I watch a number of yields for signs of financial market stress. Above are the charts for the 30-day commercial paper/bill spread (top) and the 90-day commercial paper/treasury spread. Both recently blew out.
Why?
Friday, December 15, 2017
Industrial production for November 2017: Dear Doomers, you can shut up about "soft" vs. "hard" data now
- by New Deal democrat
For months and months this year, the mantra of the Doomers was that the "soft data" of the Fed regional surveys and ISM manufacturing wasn't being confirmed by the "hard data" like industrial production.
Meanwhile, those of us who actually know something about leading vs. coincident data placidly kept noting that the new orders data for both leading indicators (the Fed surveys and ISM manufacturing) portended strength -- just as in early 2016 they turned from negative to positive, accurately portending the end of the shallow industrial recession.
And here is Industrial Production (red), and its manufacturing (blue) and mining (green) components through November:
Yes, it doesn't move in a straight line. In particular there were several months of hurricane-related weakness. But the leading surveys have once again been proven correct, and those who listened to the Doomers wrong.
Real retail sales for November 2017 portend positivity for 2018
- by New Deal democrat
There have been any number of perfectly good and perfectly obvious write-ups of yesterday's retail sales report for November.
I like to think much of my "value-added" is telling you not about what the data indicates about now, or about the recent past, but what it portends in the near and further-term future, and real retail sales is one of my favorite metrics for thet.

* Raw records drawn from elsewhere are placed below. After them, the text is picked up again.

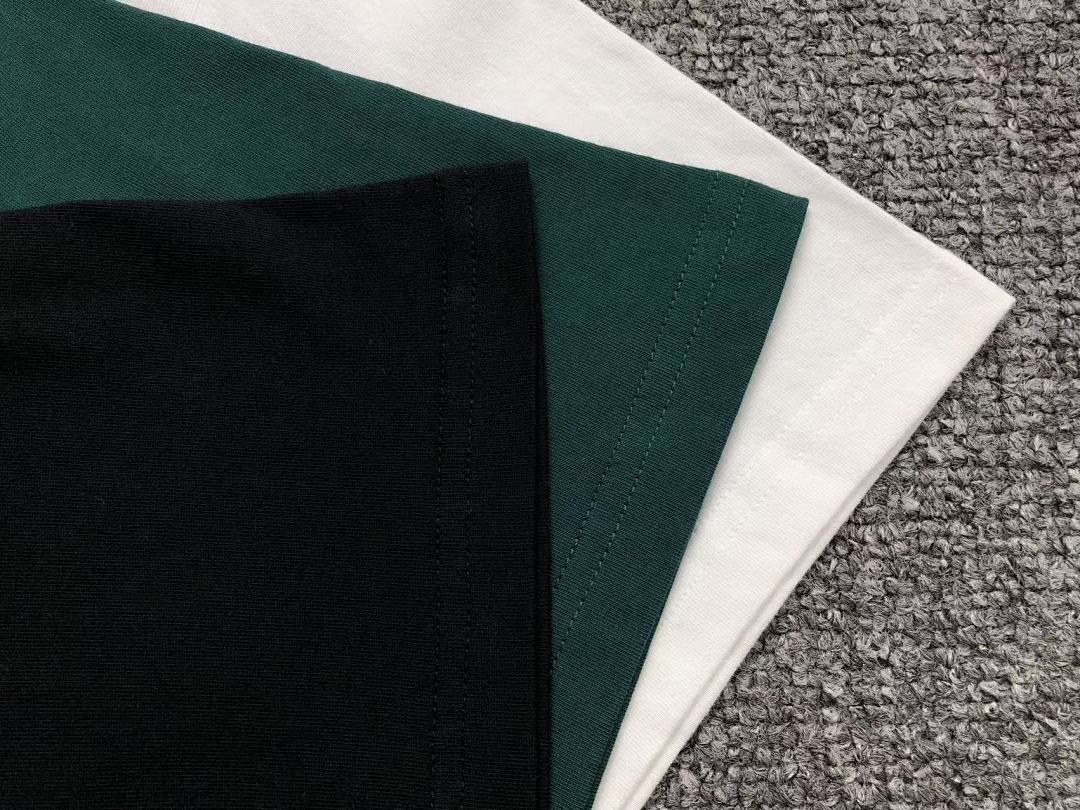 Christian Louboutin 85 ANTI SOCIAL CLUB T-SHIRT - Image 20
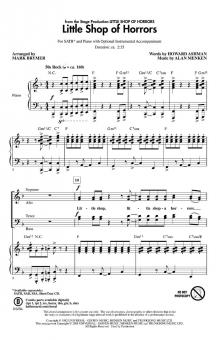 Little Shop Of Horrors 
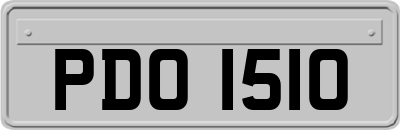 PDO1510
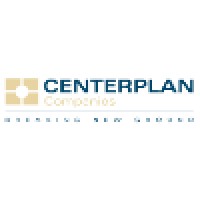 CENTERPLAN Companies LLC logo, CENTERPLAN Companies LLC contact details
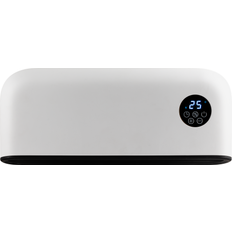 Wi-Fi Air Conditioners TCP Smart WiFi Wall Mounted Downflow Heater 2000w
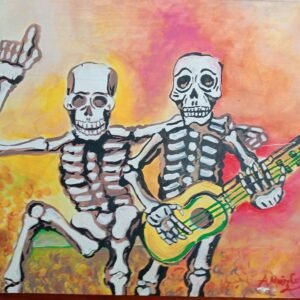 Festival de Calaveras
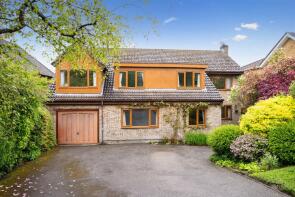 Dundry, Water End Road, Potten End, Berkhamsted HP4 2SG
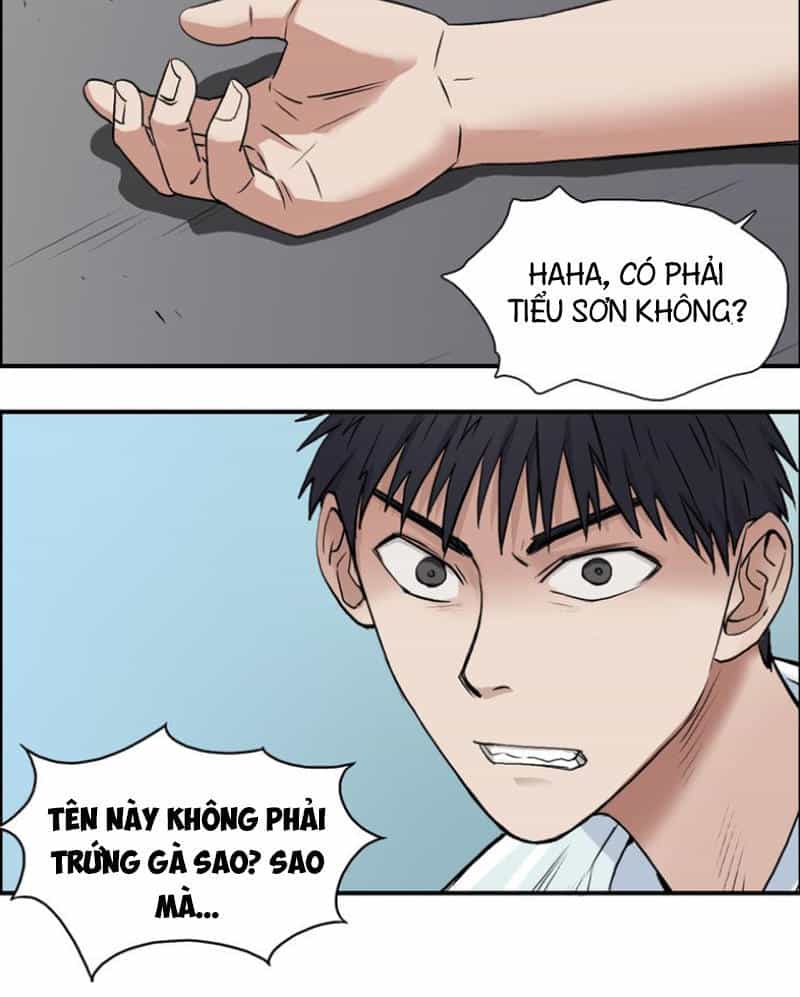 Siêu Năng Lập Phương - Chương 24 - ảnh 29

So, here are two 2018 takeaways from real retail sales:
1. Real retail sales per capita adds to the evidence that, left to its own devices, the economy will not enter a recession in 2018.
This number has frequently turned one year or more before recessions, including the last two. The 0.8% retail sales vs. 0.4% inflation, with ~0.06% population growth means it made another new high yesterday:
2. The job market measured YoY should remain steady over the next 3 - 6 months.
This is a relationship I started graphing in the middle of the "Great Recession" in early 2009. Divide real retail sales by 2, and the smoothed trend gives you a good idea where YoY payroll growth is going to trend in the near future:
With the exception of the outsized moves in retail sales just after the recession, the correlation is pretty good, and the directional trend is a close match.
Bottom line: the recent improvement in retail sales, including the big numbers from October and November, at very least suggest that the employment situation will not soften significantly in the next few months.
P.S.: I'd be inclined to treat the jump in the past several months as a hurricane-related rebound, but no such jump occurred after either Katrina in 2005 or Sandy in 2012.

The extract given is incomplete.